Lucky readers, Shipra is the first to answer the call for writers at da-AL’s blog. Will you be next?
Asiatic Society of Bombay is one of the oldest public libraries in the city. By A.Savin (Wikimedia Commons · WikiPhotoSpace) – Own work, FAL, https://commons.wikimedia.org/w/index.php?curid=48099093
In Shipra’s words…
A library is a place where you can either clear your head or fill it.
My first was our big motley collection of books at home: encyclopedias, religious books, management books, chemistry and botany books from my parents’ college days, child psychology, self-help, maternity, cookery, fiction, autobiography, and even a Hindi song book.
Internet wasn’t a household thing, so I flipped through glossy encyclopedia pages for pictures. The first books I read were Ruskin Bond novels for children, and comics.
When my mom would leave for her office, I rummaged through her books, clothes, cosmetics and even office papers. In Reader’s Digest I came across the word, ‘naked.’ English is our second language. When I asked her what naked meant, she was shocked. I didn’t see Reader’s Digest again, and was instructed to only read books from a particular shelf.
The Chicken Soup for Soul series for kids and teenagers remains close to my heart. Although those stories were contributed by young children, their wisdom and maturity is something I find missing even in elderly people.
The next library was more of a rental shop with no place to sit. The owner suggested a Mills and Boons title featuring a couple in an embrace sure to get me into trouble at home. He pointed Paulo Coelho’s “The Alchemist,” which I loved. Next I got Coelho’s, “Veronica Decides to Die,” but my daddy made me return.
Library visits stopped when I readied for college entrance tests. After tenth grade, I made new friends. The boys’ biology book explained human reproduction. Feeling like rebels, we visited the college library to read it!

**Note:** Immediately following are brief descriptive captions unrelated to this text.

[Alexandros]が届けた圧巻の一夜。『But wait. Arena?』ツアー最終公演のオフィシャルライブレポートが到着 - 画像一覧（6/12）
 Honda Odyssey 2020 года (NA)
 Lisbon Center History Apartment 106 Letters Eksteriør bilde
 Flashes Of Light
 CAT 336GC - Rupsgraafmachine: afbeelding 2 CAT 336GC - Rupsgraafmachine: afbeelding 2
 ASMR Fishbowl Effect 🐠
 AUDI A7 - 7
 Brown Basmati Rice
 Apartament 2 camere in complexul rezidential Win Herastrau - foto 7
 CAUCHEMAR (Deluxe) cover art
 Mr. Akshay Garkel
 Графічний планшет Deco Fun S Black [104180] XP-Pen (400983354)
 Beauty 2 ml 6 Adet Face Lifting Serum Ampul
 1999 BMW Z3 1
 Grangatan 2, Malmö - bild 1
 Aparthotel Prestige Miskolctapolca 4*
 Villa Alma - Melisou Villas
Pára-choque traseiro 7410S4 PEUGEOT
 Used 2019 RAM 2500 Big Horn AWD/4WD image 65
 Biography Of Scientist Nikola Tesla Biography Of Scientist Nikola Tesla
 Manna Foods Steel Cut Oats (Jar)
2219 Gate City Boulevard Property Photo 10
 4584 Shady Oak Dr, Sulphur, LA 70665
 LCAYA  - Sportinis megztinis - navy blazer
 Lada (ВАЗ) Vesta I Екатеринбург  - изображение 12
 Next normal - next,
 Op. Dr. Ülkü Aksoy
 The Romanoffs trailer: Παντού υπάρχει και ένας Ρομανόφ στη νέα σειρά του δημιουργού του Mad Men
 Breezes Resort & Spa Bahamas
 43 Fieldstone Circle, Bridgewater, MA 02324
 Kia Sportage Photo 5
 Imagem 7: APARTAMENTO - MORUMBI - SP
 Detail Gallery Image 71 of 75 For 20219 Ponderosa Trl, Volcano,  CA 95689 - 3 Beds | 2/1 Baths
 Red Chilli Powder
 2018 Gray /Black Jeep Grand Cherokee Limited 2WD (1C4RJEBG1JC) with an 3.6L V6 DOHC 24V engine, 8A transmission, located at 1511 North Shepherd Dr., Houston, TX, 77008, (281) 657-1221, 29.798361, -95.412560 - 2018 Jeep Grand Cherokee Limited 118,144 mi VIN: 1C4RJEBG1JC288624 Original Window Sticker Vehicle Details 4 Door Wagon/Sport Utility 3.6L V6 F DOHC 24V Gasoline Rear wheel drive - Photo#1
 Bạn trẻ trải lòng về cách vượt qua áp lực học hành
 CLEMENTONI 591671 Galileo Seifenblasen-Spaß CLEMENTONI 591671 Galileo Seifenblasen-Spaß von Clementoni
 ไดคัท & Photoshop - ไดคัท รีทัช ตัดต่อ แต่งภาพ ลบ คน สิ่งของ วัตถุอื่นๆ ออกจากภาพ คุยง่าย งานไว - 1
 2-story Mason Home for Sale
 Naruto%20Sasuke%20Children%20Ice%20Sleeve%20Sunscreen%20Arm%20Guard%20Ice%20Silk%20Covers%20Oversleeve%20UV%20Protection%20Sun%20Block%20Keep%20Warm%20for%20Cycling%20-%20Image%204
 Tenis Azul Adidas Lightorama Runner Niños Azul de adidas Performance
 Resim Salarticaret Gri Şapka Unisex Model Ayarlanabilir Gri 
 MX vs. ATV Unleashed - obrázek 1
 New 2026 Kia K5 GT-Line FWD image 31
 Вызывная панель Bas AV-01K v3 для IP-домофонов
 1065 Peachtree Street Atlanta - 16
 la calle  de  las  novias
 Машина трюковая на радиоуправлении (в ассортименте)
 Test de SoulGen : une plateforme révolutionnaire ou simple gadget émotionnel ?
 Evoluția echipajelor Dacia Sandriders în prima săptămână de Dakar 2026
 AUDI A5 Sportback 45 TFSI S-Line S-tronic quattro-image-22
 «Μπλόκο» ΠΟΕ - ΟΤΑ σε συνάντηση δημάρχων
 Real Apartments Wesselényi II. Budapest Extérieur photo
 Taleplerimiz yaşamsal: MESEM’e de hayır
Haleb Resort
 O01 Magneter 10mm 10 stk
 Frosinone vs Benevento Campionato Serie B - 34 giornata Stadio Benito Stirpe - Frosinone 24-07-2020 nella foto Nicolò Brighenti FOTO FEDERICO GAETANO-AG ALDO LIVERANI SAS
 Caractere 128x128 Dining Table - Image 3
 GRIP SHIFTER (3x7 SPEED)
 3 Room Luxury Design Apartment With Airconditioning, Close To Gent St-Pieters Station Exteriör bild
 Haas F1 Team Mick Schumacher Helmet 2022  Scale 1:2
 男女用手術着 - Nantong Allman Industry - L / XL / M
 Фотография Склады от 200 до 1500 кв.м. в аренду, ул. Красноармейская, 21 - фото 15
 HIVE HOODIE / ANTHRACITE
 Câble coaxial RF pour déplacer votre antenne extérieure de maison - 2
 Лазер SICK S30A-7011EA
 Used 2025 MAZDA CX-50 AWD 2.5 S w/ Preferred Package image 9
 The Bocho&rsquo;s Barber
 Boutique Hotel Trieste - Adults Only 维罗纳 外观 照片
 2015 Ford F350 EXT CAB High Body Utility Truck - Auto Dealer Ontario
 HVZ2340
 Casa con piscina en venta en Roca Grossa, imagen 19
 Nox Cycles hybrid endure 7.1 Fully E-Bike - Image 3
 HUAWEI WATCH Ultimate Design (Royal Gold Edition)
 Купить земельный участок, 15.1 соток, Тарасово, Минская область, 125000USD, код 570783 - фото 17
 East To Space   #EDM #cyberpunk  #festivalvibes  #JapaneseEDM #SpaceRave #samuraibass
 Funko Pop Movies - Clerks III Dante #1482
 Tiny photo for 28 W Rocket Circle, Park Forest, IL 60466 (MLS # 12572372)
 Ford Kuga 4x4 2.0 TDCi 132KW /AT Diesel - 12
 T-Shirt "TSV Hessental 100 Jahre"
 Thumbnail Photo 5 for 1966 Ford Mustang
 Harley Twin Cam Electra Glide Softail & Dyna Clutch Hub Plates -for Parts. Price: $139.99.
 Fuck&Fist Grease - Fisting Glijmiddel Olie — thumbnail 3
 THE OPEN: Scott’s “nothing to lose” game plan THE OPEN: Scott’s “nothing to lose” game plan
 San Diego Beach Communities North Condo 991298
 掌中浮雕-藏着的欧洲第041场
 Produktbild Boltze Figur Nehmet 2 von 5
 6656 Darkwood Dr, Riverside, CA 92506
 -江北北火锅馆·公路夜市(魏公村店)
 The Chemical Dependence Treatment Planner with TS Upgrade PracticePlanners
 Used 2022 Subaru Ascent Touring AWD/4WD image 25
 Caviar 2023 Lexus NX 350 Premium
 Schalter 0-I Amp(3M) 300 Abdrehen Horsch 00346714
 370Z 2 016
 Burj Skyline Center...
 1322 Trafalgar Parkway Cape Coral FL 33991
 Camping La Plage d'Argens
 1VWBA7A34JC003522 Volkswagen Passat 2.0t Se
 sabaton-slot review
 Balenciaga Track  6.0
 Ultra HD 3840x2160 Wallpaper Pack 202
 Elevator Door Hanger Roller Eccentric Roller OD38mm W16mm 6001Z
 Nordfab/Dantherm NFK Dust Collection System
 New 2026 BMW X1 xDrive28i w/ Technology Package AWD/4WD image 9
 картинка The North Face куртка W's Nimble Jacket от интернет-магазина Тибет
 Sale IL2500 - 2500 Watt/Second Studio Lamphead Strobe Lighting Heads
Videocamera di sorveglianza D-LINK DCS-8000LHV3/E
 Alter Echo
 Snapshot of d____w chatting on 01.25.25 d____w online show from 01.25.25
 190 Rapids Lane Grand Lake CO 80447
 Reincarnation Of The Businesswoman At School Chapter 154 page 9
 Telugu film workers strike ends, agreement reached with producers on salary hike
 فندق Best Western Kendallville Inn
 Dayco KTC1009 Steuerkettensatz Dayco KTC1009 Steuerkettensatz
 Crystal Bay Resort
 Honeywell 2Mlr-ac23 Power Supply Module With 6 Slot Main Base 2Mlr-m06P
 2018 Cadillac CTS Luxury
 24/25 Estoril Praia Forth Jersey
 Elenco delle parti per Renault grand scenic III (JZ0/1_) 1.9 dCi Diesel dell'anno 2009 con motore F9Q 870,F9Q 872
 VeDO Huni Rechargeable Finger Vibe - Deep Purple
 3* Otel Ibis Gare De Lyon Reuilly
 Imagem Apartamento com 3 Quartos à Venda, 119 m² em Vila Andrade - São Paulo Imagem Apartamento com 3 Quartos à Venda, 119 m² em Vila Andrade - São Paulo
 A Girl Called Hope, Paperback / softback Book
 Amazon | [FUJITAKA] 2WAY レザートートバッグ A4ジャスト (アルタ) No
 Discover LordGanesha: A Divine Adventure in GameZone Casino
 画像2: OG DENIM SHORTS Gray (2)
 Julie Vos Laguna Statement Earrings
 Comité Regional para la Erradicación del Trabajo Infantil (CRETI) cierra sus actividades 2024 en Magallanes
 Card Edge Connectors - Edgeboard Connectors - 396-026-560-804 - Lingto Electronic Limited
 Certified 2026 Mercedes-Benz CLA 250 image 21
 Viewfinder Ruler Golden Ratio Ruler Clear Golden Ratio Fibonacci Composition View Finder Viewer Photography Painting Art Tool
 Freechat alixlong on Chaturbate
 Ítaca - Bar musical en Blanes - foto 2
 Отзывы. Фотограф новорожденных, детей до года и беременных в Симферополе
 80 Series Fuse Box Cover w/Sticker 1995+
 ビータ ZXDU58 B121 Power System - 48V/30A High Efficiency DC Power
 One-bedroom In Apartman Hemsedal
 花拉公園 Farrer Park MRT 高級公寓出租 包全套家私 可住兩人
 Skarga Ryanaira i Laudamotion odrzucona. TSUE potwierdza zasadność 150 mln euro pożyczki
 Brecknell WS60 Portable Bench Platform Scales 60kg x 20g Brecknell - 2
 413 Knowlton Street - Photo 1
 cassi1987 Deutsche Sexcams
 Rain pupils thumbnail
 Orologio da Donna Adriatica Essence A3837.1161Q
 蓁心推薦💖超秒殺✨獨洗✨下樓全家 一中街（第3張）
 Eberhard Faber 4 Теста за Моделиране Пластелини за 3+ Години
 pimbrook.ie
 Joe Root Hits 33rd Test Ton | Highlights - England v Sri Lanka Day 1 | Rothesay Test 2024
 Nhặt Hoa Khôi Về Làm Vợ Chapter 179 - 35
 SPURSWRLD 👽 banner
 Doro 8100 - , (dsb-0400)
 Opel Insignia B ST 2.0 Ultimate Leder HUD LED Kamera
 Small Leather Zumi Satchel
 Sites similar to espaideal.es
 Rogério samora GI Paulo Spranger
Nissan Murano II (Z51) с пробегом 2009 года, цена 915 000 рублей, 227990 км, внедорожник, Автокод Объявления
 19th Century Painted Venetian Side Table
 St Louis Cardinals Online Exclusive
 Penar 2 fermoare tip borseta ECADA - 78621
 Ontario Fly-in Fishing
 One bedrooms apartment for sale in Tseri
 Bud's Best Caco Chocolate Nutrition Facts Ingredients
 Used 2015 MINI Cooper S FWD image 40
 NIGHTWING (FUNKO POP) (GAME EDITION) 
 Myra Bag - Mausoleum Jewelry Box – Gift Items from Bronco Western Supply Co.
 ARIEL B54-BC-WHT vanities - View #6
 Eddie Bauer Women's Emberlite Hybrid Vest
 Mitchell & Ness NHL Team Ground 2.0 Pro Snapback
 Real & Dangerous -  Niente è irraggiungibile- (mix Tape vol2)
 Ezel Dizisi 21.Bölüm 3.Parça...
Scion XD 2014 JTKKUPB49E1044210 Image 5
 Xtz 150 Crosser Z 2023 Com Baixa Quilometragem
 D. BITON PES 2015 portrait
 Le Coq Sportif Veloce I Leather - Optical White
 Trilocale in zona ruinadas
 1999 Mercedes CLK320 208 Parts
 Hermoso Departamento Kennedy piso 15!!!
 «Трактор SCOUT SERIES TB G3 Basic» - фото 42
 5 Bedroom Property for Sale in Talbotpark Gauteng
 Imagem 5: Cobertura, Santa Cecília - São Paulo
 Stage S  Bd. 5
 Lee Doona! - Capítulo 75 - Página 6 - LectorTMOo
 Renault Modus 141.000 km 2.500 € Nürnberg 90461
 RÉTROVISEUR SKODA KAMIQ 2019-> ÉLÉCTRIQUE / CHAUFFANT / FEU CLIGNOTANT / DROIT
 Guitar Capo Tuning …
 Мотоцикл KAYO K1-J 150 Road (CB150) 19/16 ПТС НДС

In college, I ordered books online. My favorite was Khaled Hosseini’s “The Kite Runner.”
My next library was during my final college year. It was huge, two floors of thousands of books. I had had my heart broken. My scores at an all time low, I resolved to channel my energy into studies. I was doggedly studying when, upon seeing a guy, I felt a flutter in my stomach. He was very tall, broad shouldered, muscular, with a movie hero face. I figured he was a library as well as a gym regular. Those days, I looked like the back of a truck, so I acted invisible, staring at guys longer than polite.
That week I visited the library only to see him. One day, while I stole glances at him, he sat behind me. He asked me about myself. I inquired about him. Fidgety, I blurted that I knew he from his book selection that he was in electronics and telecom.
We became good friends – bummer! – I got friend-zoned! We’re still friends, and say Hi to each other annually.
At my MBA college’s library I mostly read National Geographic.
Libraries have old world charm, each with an aura that rubs off on patrons. They’re treasures that shape communities, sanctuaries of silence and knowledge. Near extinct, they must be preserved. The joy of holding a book, turning pages, bookmarking them and seeing them yellow, is as priceless as having a friend you grew up with.